Among the entries, which lines carry the string "easy"? Copy each of them.

◆ Records for processing
= Beginning of Section =

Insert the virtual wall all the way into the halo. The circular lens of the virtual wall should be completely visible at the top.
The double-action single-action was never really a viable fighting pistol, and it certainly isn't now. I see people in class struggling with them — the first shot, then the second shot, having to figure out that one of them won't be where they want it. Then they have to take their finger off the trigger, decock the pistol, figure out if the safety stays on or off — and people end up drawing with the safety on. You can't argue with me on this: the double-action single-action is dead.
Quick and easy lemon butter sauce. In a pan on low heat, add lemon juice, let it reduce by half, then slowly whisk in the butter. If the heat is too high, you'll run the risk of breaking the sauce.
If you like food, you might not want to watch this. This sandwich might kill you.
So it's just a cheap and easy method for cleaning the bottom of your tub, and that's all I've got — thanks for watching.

= End of Section =
= Beginning of Section =

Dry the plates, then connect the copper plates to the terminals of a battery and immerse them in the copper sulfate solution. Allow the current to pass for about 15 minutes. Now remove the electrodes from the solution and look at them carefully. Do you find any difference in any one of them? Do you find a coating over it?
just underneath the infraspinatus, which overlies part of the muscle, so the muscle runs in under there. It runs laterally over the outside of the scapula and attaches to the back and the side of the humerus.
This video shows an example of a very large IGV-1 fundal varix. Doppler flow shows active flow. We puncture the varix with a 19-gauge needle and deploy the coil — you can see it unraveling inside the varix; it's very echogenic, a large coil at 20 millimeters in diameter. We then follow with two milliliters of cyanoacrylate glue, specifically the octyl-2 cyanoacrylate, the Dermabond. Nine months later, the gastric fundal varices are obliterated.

= End of Section =

◆ Answer to the exercise
Quick and easy lemon butter sauce. In a pan on low heat, add lemon juice, let it reduce by half, then slowly whisk in the butter. If the heat is too high, you'll run the risk of breaking the sauce.
So it's just a cheap and easy method for cleaning the bottom of your tub, and that's all I've got — thanks for watching.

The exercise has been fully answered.